Mandad is a quintessential "mixed media" artist; his work includes a plethora of materials and ideas.
One of Mandad's early and continuing projects is "The Animism Series". One aspect of the series is mimicking mass production by replicating small sculptural art/toys. It was prescient of the current art/toy movement that started primarily in Japan in the 1990's. The series is comprised of one-of-a-kind works of cartoon-like rubber characters, the most prolific of which is "CAT". The work is produced as large and small sculpture, chromogenic and digital prints and t-shirts. The series includes animals and inanimate objects, such as a TV, Toaster, Phone, Tree and Bear.

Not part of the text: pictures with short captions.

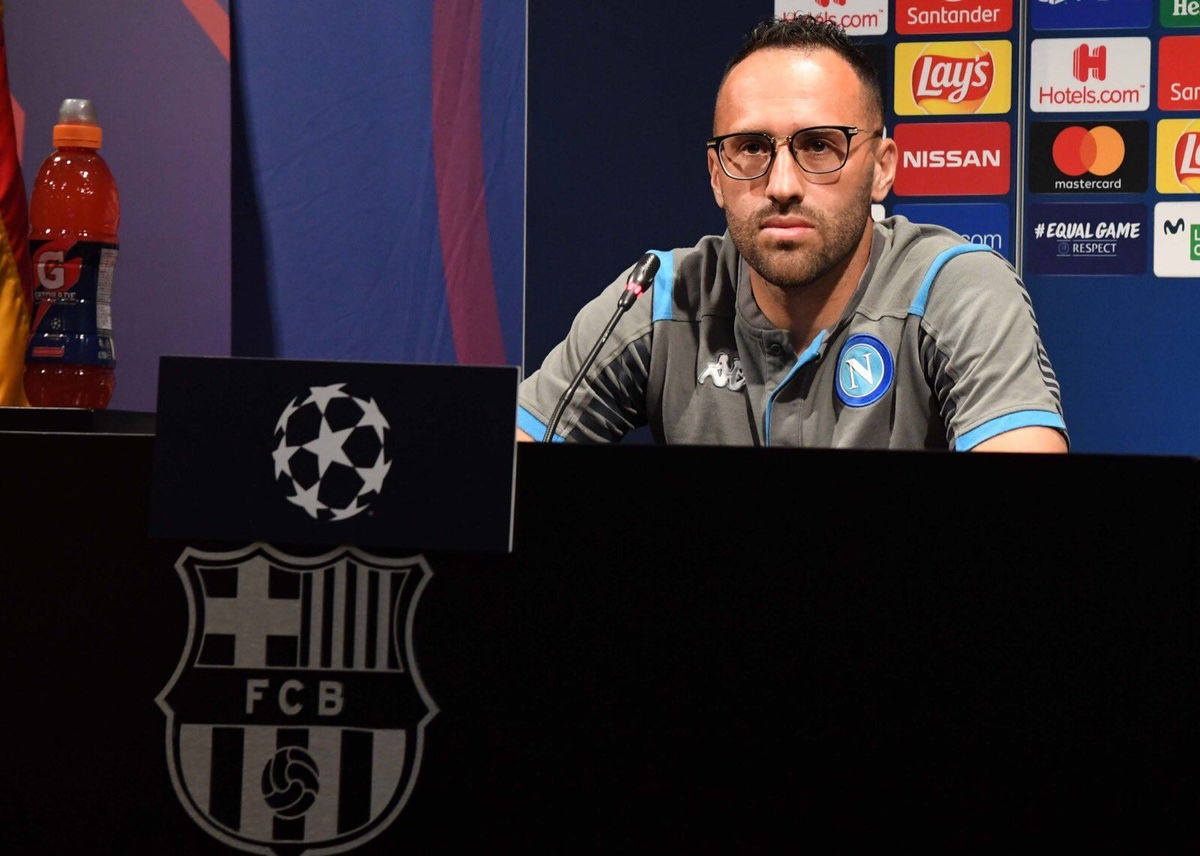 Napoli, lavoro in palestra per Ospina e Lobotka ancora lontani dal ritorno in campo article-post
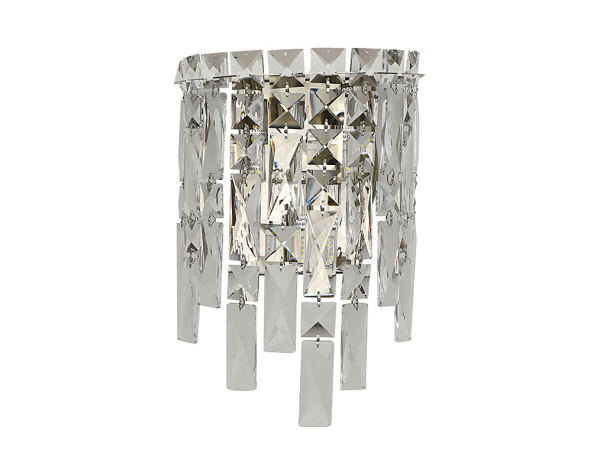 Бра NEWPORT 1301/A nickel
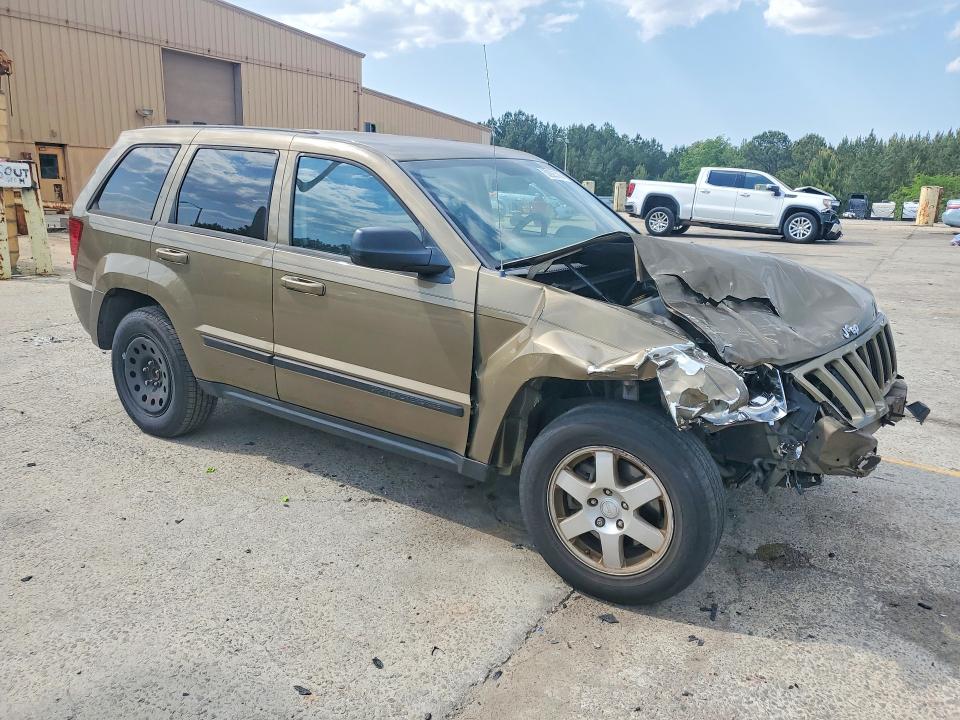 Продажа на аукционе авто 2008 Jeep Grand Cherokee, vin: 1J8GS48K98C230208, номер лота: 50925306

In the last 25 years, Mandad has exhibited in galleries and museums in Europe and North America. He was Artist-In-Residence at Science World in Vancouver, curator of the "Altered Mona Show" in Brno, Moravia, Czech Republic and participated in the first post-revolution retrospective of the legendary Czech dissident group "Crusader School of Pure Humor Without a Joke", held at the Central Gallery of Bohemia in Prague.
In 1997 he combined his experiences in art and social work to found "The Creative Workshop" for developmentally disabled adults in Sechelt, British Columbia, which continues to this day.
Mandad's work has been primarily acquired by private art collectors seeking him out in his studios from the rain forests of Northern British Columbia to the Czech Republic, New York and the California Hi-Desert.